◆ Dataset section:
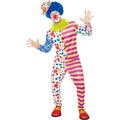 Clown Kostüm Deluxe für Herren Unisex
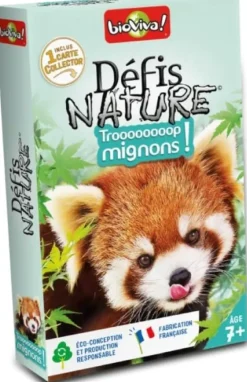 Jeu de cartes Défis Nature Trop mignons aux Éditions Bioviva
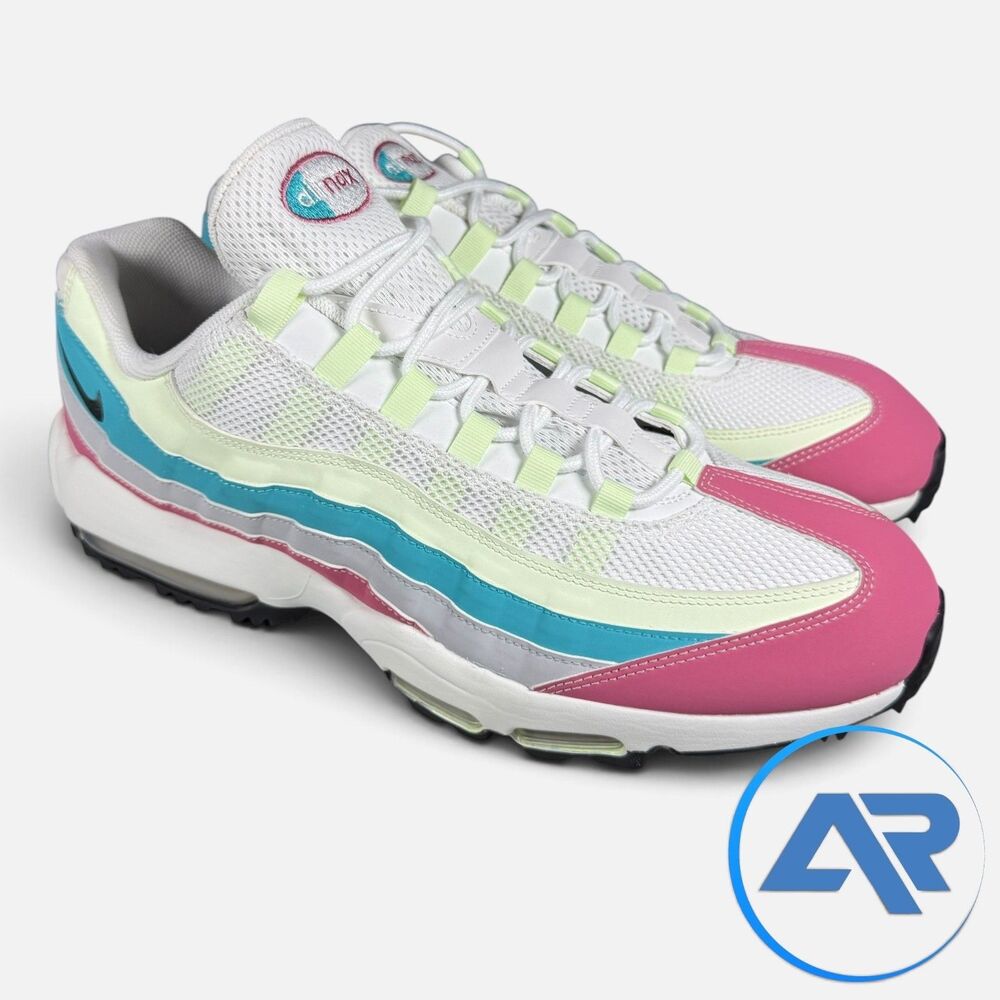 Nike Air Max 95 Golf Peony Volt Tint Dusty Cactus HV4696-600 Men's Size 15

◆ Required work: When you reproduce the material, keep every word exact and leave each picture out.

◆ Output:
 Clown Kostüm Deluxe für Herren Unisex
 Jeu de cartes Défis Nature Trop mignons aux Éditions Bioviva
 Nike Air Max 95 Golf Peony Volt Tint Dusty Cactus HV4696-600 Men's Size 15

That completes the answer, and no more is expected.